Output, exactly as written, the lines below starting at the line containing "WOMEN'S TENCEL ™" and ending at the line containing "Chaînes à billes". Drop the pictures and keep both end lines.

═════ Data

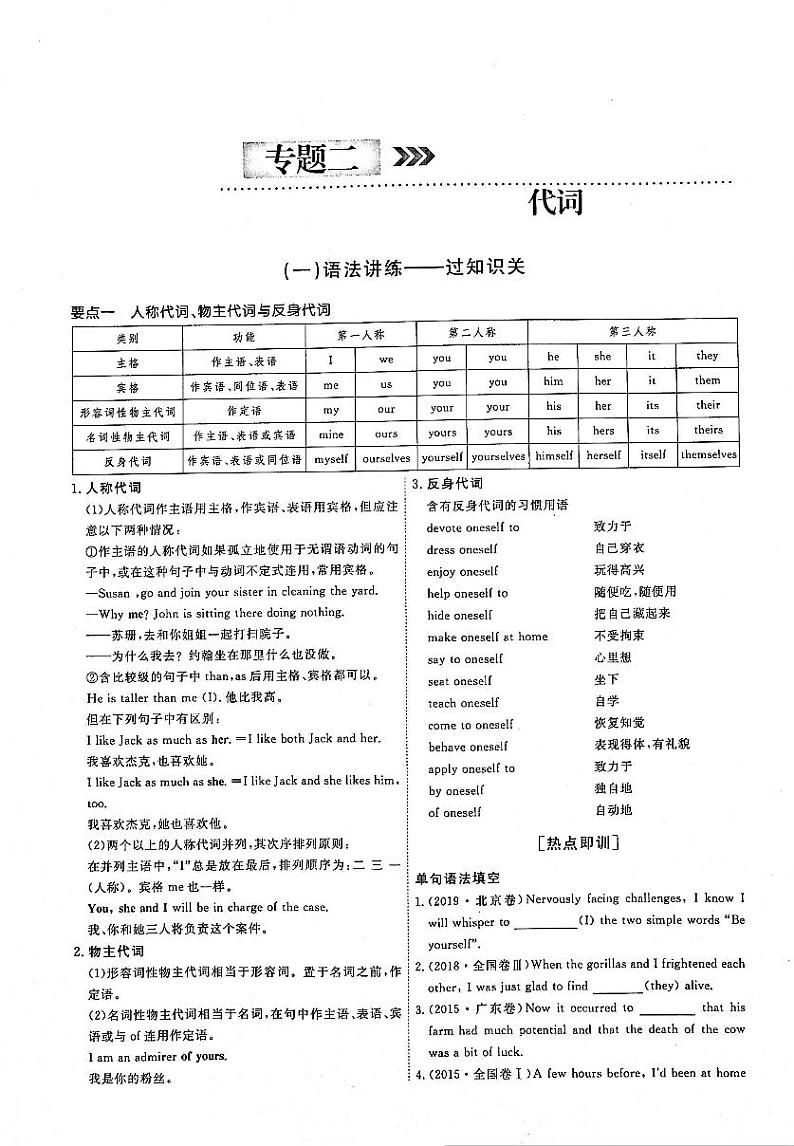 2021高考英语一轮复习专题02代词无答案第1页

══════════
═════ Data

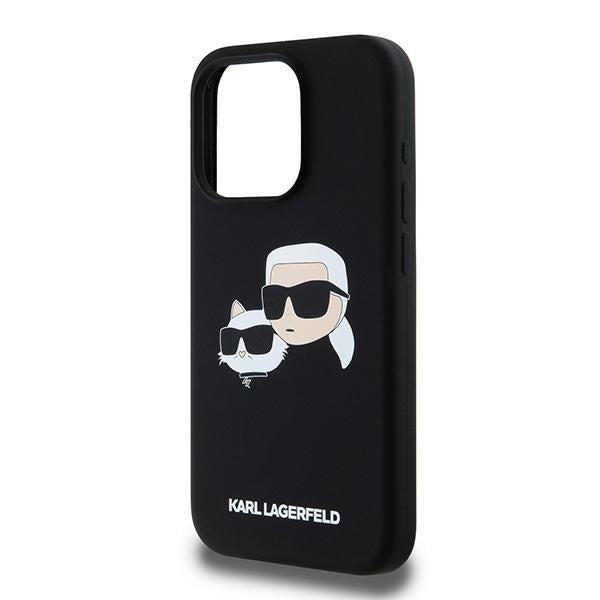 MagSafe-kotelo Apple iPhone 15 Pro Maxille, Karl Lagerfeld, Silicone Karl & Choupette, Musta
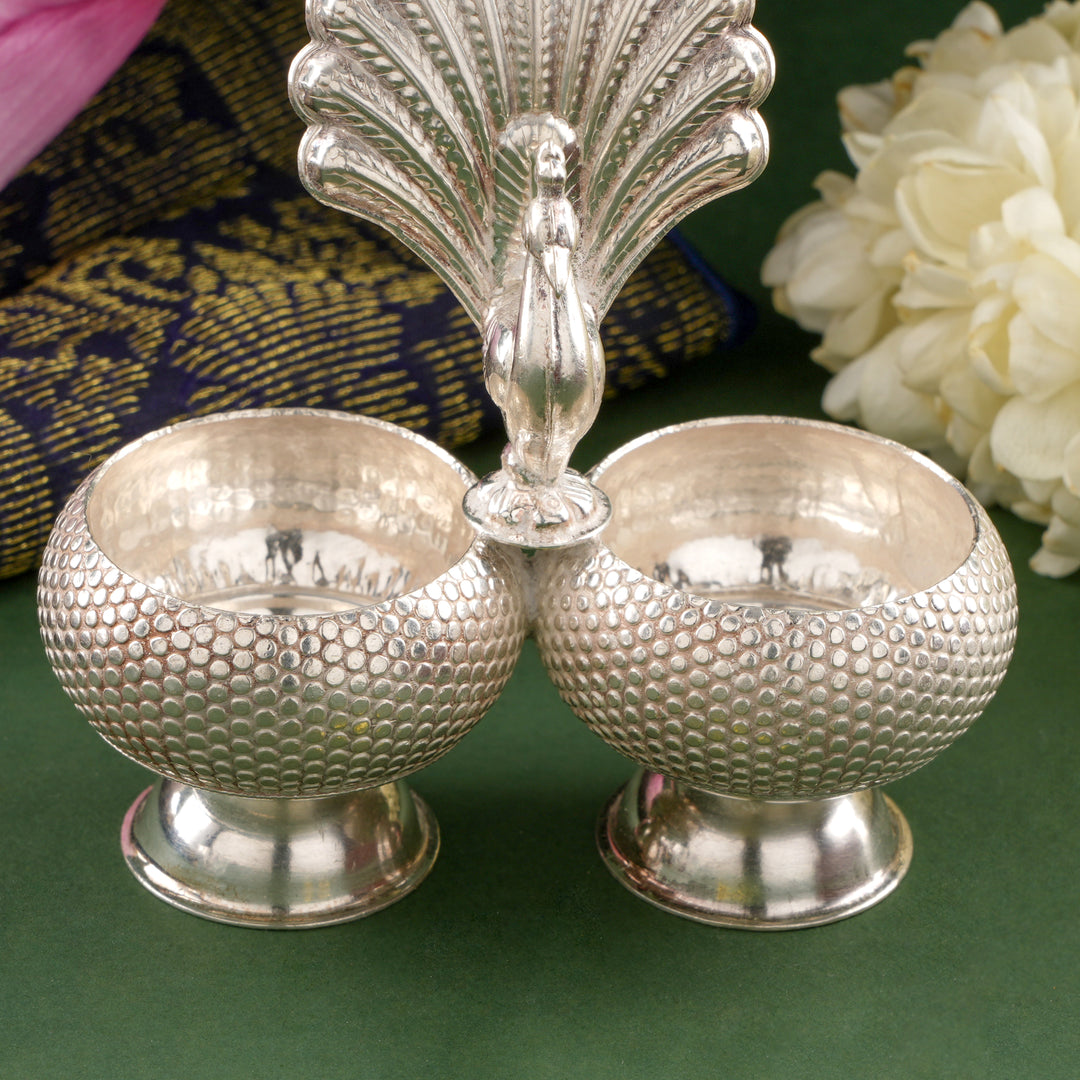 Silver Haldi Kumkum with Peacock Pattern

══════════
═════ Data

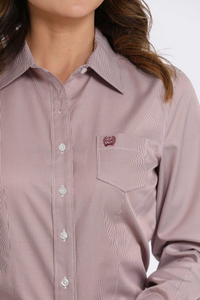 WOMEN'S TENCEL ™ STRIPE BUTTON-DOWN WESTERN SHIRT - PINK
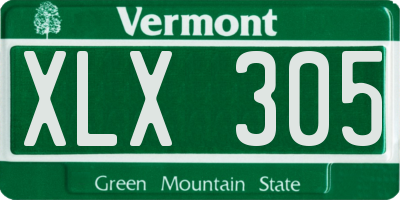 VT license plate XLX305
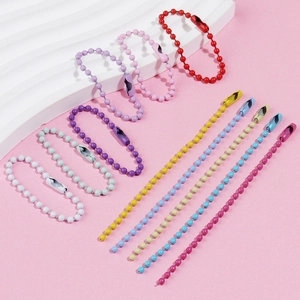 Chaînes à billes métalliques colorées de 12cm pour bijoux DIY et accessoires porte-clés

══════════

• Exercise output
 WOMEN'S TENCEL ™ STRIPE BUTTON-DOWN WESTERN SHIRT - PINK
 VT license plate XLX305
 Chaînes à billes métalliques colorées de 12cm pour bijoux DIY et accessoires porte-clés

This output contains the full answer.